Jetzt ruft eine weltweite Organisation namens avaaz.org zum Kampf gegen korrupte Regierungen und für echte Demokratie auf. „Besetzt die Wall Street!“, ist der Schlachtruf. Deutsche Jungspunde, politisch grün hinter den Ohren, organisieren einen Marsch vor die Frankfurter Glastürme. Die Aktivisten beschwören ein neues 68 und fordern soziale Gerechtigkeit. Ist das eine Revolution? Die Suche nach dem vergessenen dritten Weg? Der Protest ist naiv, er ist vage, und natürlich haben die Aktivisten keinen blassen Schimmer, wie die Weltmacht der Börsen gebrochen werden kann. Aber jede soziale Bewegung beginnt mit Kritik. Mit Fragen, nicht mit Antworten. Fragen, die wir uns verkniffen haben, weil man uns weis gemacht hat, davon verstünden wir eh nichts. Man muss nur dem lächelnden Hauptgeschäftsführer des Deutschen Bankenverbandes zuhören, wie hochkomplex das Bankengeschäft sei, um zu wissen, dass sich nichts an der herablassenden Arroganz geändert hat.
Schon das Nachdenken über die Finanzwirtschaft war lange tabu. Es geht schon mit der Sprache los. Jeden Abend müssen sich die Tagesschau-Schauer anhören, dass „die Märkte nervös reagieren“. Die Märkte, wer ist das eigentlich? Seit wann leben die? Wir haben uns an die hohlen Phrasen von Pseudoexperten gewöhnt, die keiner versteht und die nichts erklären. Ein Mausklick macht keine Revolution, aber ist der Ruf nach Kontrolle und Finanztransaktionssteuern so viel naiver als die Propaganda von der „Selbstregulierung der Märkte“? Warum verbieten die Regierungen nicht den Derivatemüll, der die Welt verseucht hat? Warum dürfen die Bankmanager weiter „Finanzinnovationen“ auflegen, die nichts mit realer Wirtschaft, aber viel mit Pferdewetten, zu tun haben?
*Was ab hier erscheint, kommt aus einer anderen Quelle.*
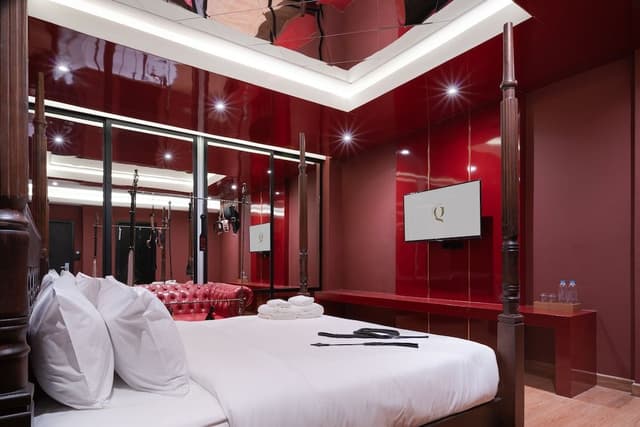 Love Themed Suite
Nichts hat sich geändert, seit die Welt in den Abgrund blickte. Die Zocker setzen auf Staatspleiten und dealen mit den Weltmarktpreisen für Rohstoffe und Lebensmittel. Die Banken schwatzen ihren Kunden munter weiter Produkte auf, die sie nicht verstehen. Verkaufen Schulden als Investment. Bestimmen die Regeln, anstatt politisch in die Schranken gewiesen zu werden. Geld gibt es wie Heu, es kommt nur darauf an, wie man es verteilt, orakelt der knittrige Yoda der deutschen Politik, Heiner Geißler.
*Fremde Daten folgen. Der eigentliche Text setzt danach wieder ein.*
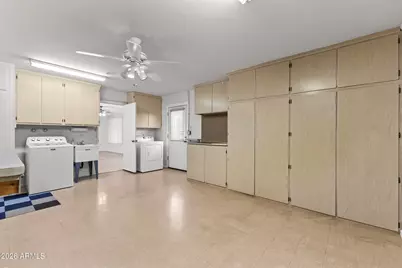 10733 W Saratoga Circle, Sun City, AZ 85351 - Photo 35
Die Demonstranten vor den Börsen dieser Welt werden diese nicht zum Einsturz bringen, das besorgen die „Finanzmärkte“ im Zweifel selbst. Aber ein bisschen 68 wär ja schon was. Freie Gedanken, Träume von einer Marktwirtschaft, in der es echte Märkte gibt und die wirklich sozial ist. (Sorry, das mit dem „allen gehört alles“ hatten wir schon mal, ging ziemlich in die Hose) 68 reloaded ist vor allem eine Kulturrevolution. Die Angst vor dem Untergang gepaart mit dem Glauben an eine absurde Zockerphilosophie wird ersetzt durch den reanimierten gesunden Menschenverstand und die freie Liebe. Make love not money.
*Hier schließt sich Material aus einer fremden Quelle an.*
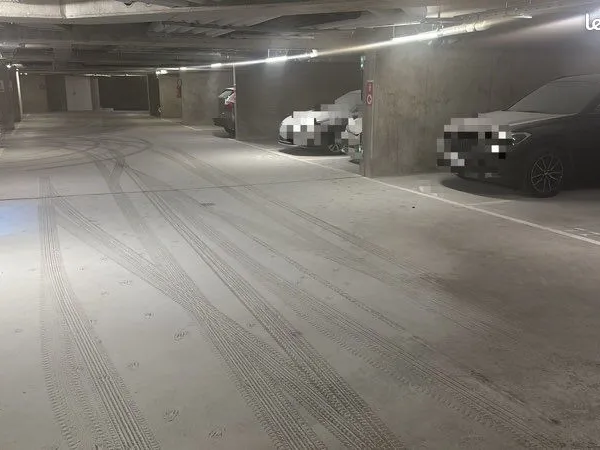 Place de parking sécurisée à louer - Noisy-Champs RER A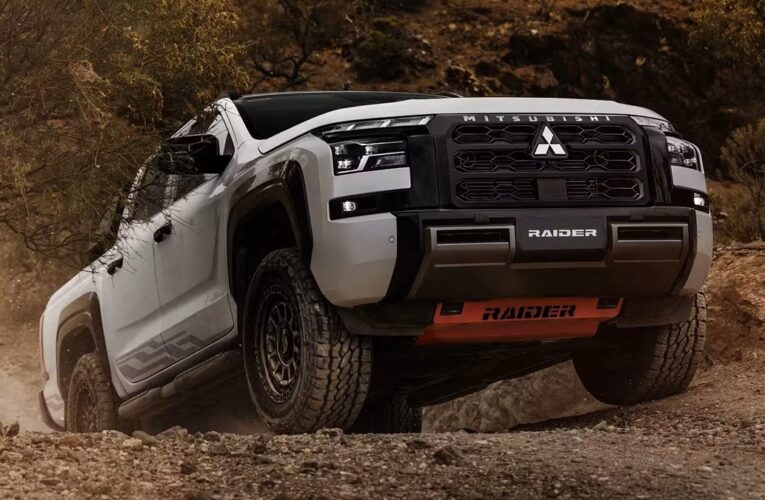 Mitsubishi представила позашляховий пікап Triton Raider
Keiner würde sich mehr trauen, von nervösen Märkten zu faseln oder davon, dass eine Aktie sexy ist. Die Strickpullis und Bärte schenken wir uns diesmal. Ebenso den Marsch durch die Institutionen (denkt bitte an Joschka Fischer) und die stundenlangen Strategiediskussionen. Wir sollten auch keine Verschwörungstheorien konspirativ miteinander korrumpierender Politiker und Banker stricken. (Ich weiß, das fällt schwer) Wir sagen einfach, was Sache ist. So kann es nicht weiter gehen. Punkt. Wir zeigen den Jungs in den Glaspalästen, wer Koch ist und wer Kellner. Wir treiben unsere Politiker so lange vor uns her, bis sie darüber entscheiden, was in den Glaspalästen gespielt werden darf und was nicht. Parlamentarier und Außerparlamentarier aller Länder, vereinigt Euch!